• **Task description**
Set down only these lines, exactly: the line containing "زاوية الأزهار المصغّرة" and all lines through the end of the data below. Omit pictures.

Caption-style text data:
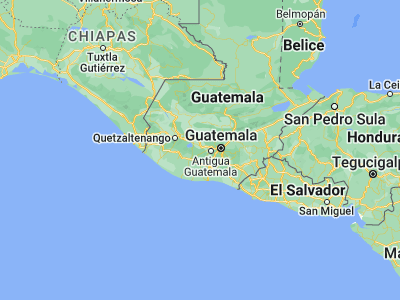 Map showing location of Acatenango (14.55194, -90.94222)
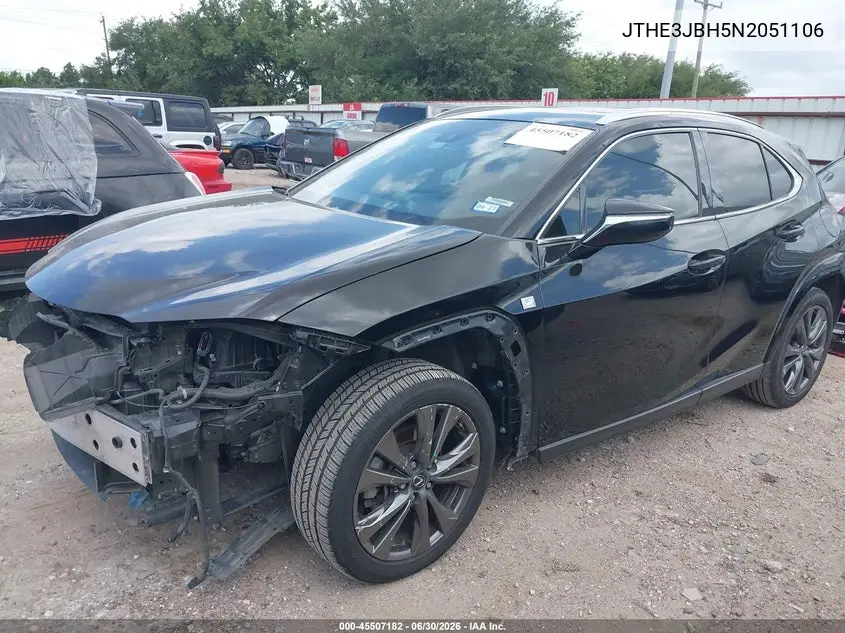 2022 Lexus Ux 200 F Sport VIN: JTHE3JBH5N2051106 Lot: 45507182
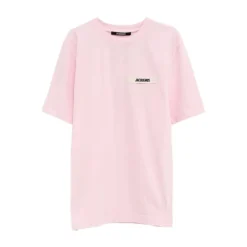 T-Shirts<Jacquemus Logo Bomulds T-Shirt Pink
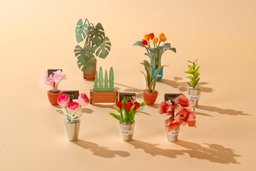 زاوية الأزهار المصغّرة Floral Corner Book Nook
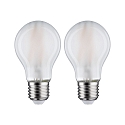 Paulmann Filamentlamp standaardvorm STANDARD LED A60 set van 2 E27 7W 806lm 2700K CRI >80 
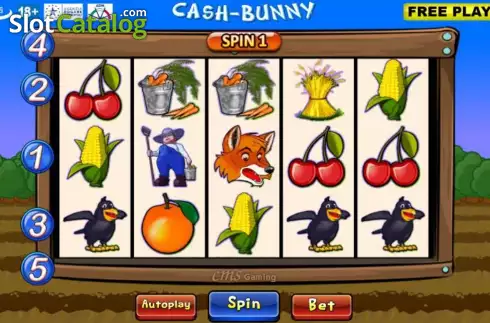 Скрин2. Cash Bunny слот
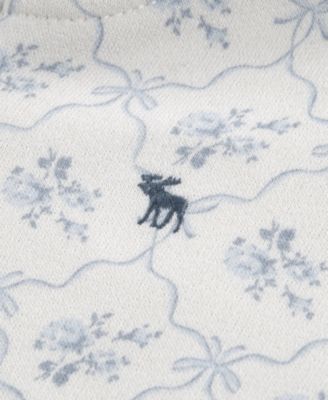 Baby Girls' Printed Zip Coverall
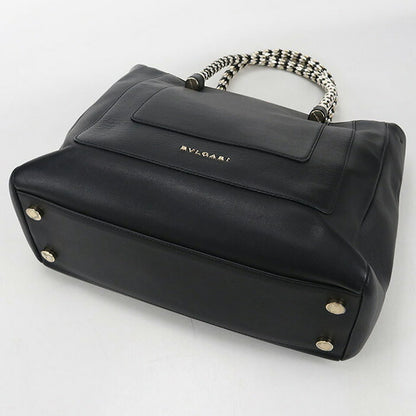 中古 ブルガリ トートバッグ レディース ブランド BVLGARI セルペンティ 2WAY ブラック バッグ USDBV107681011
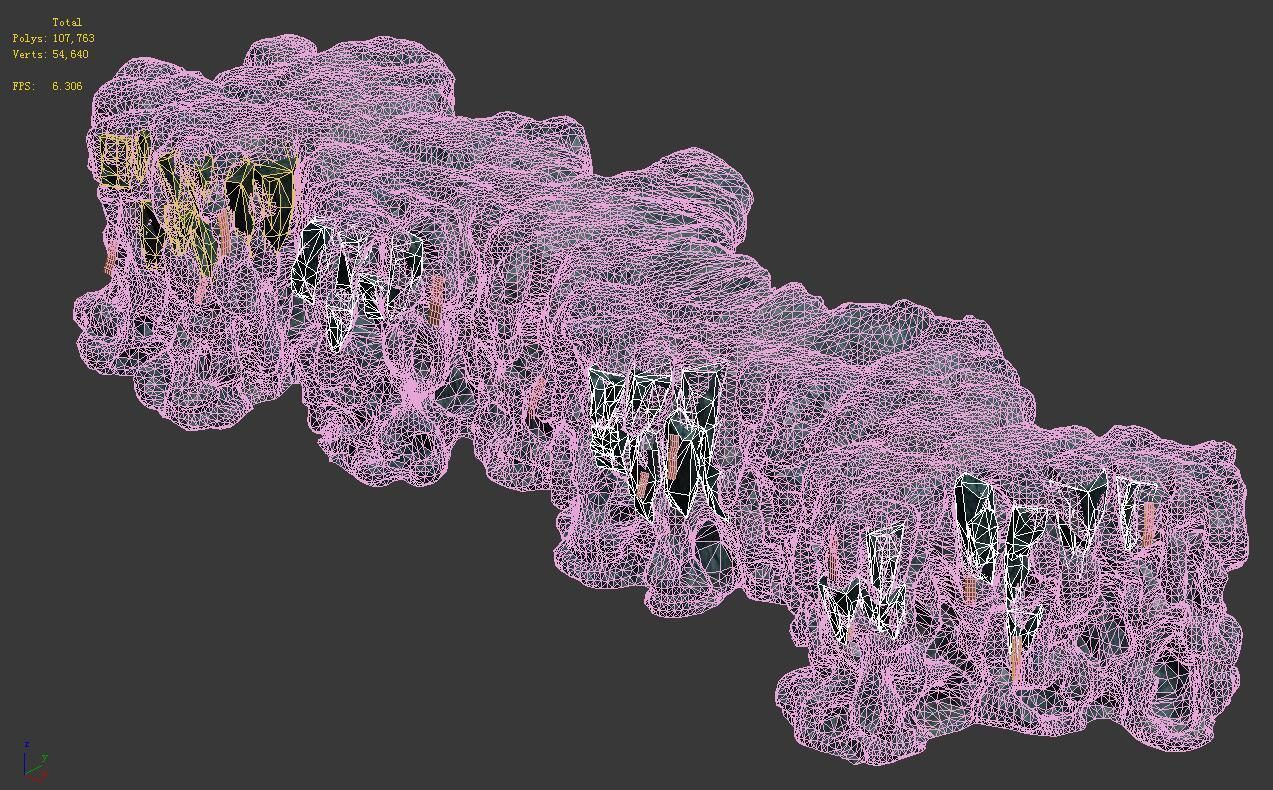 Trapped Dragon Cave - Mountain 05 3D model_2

• **Finished task**
 زاوية الأزهار المصغّرة Floral Corner Book Nook
 Paulmann Filamentlamp standaardvorm STANDARD LED A60 set van 2 E27 7W 806lm 2700K CRI >80 
 Скрин2. Cash Bunny слот
 Baby Girls' Printed Zip Coverall
 中古 ブルガリ トートバッグ レディース ブランド BVLGARI セルペンティ 2WAY ブラック バッグ USDBV107681011
 Trapped Dragon Cave - Mountain 05 3D model_2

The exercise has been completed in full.